Strictly speaking, they hadn’t a cent between them, except his hundred a year. But he married her hair and she married his melancholy eyes; and she was content to settle in Oldcastle, where there are almost no slums. And her stepmother was forced by Edith to make the hundred up to four hundred. This was rather hard on Mrs Ebag. Thus it fell out that Mrs Ebag remained a widow, and that Miss Ebag continues a flower uncalled. However, gossip was stifled.
In his appointed time, and in the fulness of years, Goldie died, and was mourned. And by none was he more sincerely mourned than by the aged bedridden Caiaphas.
“I miss my cat, I can tell ye!” said old Caiaphas pettishly to Carl, who was sitting by his couch. “He knew his master, Goldie did! Edith did her best to steal him from me when you married and set up house. A nice thing considering I bought him and he never belonged to anybody but me! Ay! I shall never have another cat like that cat.”
And this is the whole truth of the affair.
THE FORTUNE TELLER
I
The prologue to this somewhat dramatic history was of the simplest. The affair came to a climax, if one may speak metaphorically, in fire and sword and high passion, but it began like the month of March. Mr Bostock (a younger brother of the senior partner in the famous firm of Bostocks, drapers, at Hanbridge) was lounging about the tennis-court attached to his house at Hillport. Hillport has long been known as the fashionable suburb of Bursley, and indeed as the most aristocratic quarter strictly within the Five Towns; there certainly are richer neighbourhoods not far off, but such neighbourhoods cannot boast that they form part of the Five Towns—no more than Hatfield can boast that it is part of London. A man who lives in a detached house at Hillport, with a tennis-court, may be said to have succeeded in life. And Mr Bostock had succeeded. A consulting engineer of marked talent, he had always worked extremely hard and extremely long, and thus he had arrived at luxuries. The chief of his luxuries was his daughter Florence, aged twenty-three, height five feet exactly, as pretty and as neat as a new doll, of expensive and obstinate habits. It was Florence who was the cause of the episode, and I mention her father only to show where Florence stood in the world.
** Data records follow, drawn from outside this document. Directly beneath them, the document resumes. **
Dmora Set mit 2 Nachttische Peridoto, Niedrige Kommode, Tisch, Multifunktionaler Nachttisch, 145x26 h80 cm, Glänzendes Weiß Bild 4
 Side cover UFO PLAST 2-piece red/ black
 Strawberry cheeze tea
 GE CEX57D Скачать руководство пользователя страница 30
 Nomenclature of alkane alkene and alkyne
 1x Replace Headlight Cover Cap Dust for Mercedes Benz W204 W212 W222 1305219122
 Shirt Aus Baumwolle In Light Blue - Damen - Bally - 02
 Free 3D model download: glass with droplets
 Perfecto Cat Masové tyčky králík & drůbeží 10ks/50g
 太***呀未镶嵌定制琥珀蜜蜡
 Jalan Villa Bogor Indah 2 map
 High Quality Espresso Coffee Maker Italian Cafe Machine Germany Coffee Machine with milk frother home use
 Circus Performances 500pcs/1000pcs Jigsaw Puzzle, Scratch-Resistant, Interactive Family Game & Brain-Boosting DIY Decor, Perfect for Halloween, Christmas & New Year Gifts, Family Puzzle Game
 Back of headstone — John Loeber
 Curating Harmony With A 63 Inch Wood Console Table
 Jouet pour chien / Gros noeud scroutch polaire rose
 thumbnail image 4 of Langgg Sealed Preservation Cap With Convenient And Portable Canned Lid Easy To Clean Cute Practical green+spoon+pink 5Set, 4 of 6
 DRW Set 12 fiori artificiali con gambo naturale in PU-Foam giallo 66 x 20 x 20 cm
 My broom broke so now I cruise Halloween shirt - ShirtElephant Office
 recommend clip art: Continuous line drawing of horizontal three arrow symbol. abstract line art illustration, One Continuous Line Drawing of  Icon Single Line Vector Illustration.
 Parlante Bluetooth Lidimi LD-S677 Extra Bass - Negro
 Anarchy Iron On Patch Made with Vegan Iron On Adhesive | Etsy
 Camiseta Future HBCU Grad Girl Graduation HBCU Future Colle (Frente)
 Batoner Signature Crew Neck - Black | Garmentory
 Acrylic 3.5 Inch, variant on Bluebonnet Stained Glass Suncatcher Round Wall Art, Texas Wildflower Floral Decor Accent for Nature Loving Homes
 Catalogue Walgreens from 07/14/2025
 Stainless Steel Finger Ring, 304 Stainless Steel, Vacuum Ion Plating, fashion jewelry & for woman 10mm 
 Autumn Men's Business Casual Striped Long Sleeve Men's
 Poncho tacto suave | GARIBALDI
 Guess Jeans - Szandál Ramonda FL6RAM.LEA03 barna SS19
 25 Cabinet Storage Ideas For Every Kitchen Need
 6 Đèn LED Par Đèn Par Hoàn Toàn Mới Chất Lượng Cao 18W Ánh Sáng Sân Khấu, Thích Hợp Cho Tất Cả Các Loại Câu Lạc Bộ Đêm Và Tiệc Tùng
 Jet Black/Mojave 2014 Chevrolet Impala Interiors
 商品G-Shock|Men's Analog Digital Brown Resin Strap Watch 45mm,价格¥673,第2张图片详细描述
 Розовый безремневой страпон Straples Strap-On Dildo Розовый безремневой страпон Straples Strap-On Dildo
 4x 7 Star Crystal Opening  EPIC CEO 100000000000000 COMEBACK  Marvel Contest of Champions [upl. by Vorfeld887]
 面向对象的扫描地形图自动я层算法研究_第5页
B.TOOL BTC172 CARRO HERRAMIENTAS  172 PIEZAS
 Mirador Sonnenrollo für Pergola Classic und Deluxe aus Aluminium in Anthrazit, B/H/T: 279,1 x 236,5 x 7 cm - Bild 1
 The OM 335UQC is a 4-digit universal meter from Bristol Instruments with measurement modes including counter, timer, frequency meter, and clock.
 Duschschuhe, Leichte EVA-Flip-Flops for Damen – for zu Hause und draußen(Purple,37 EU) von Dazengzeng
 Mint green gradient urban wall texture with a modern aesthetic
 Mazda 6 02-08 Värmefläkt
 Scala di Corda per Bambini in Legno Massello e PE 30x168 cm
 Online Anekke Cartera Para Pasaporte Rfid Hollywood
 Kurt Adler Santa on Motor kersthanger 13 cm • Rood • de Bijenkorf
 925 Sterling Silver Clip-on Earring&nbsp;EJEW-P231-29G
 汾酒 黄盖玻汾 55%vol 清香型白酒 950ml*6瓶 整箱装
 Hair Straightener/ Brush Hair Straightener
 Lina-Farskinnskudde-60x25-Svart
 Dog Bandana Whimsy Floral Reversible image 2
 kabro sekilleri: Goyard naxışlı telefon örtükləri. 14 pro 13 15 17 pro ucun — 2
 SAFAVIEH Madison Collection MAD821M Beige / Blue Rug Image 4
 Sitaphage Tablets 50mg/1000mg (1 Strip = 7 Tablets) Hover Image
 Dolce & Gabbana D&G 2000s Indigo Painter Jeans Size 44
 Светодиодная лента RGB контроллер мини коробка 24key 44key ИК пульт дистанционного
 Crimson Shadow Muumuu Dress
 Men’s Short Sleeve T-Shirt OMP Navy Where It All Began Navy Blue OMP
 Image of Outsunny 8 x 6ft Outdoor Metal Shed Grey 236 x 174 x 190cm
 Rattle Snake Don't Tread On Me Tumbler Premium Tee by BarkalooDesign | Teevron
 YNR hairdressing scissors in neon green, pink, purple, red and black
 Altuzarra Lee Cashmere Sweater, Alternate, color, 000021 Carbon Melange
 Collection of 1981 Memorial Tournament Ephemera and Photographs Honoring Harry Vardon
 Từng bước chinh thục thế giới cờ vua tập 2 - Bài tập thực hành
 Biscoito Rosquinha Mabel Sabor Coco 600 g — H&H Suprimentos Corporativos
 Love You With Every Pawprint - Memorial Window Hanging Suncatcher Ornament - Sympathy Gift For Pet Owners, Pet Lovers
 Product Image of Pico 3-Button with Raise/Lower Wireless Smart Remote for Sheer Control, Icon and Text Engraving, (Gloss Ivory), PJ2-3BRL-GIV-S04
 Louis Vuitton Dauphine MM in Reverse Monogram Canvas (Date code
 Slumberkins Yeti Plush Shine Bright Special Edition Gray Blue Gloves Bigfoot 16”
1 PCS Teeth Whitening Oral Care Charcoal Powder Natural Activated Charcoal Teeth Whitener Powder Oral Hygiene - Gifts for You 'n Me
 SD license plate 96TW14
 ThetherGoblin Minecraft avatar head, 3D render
She ruled her father during perhaps eleven months of the year. In the twelfth month (which was usually January—after the Christmas bills) there would be an insurrection, conducted by the father with much spirit for a time, but ultimately yielding to the forces of the government. Florence had many admirers; a pretty woman, who habitually rules a rich father, is bound to have many admirers. But she had two in particular; her cousin, Ralph Martin, who had been apprenticed to her father, and Adam Tellwright, a tile manufacturer at Turnhill.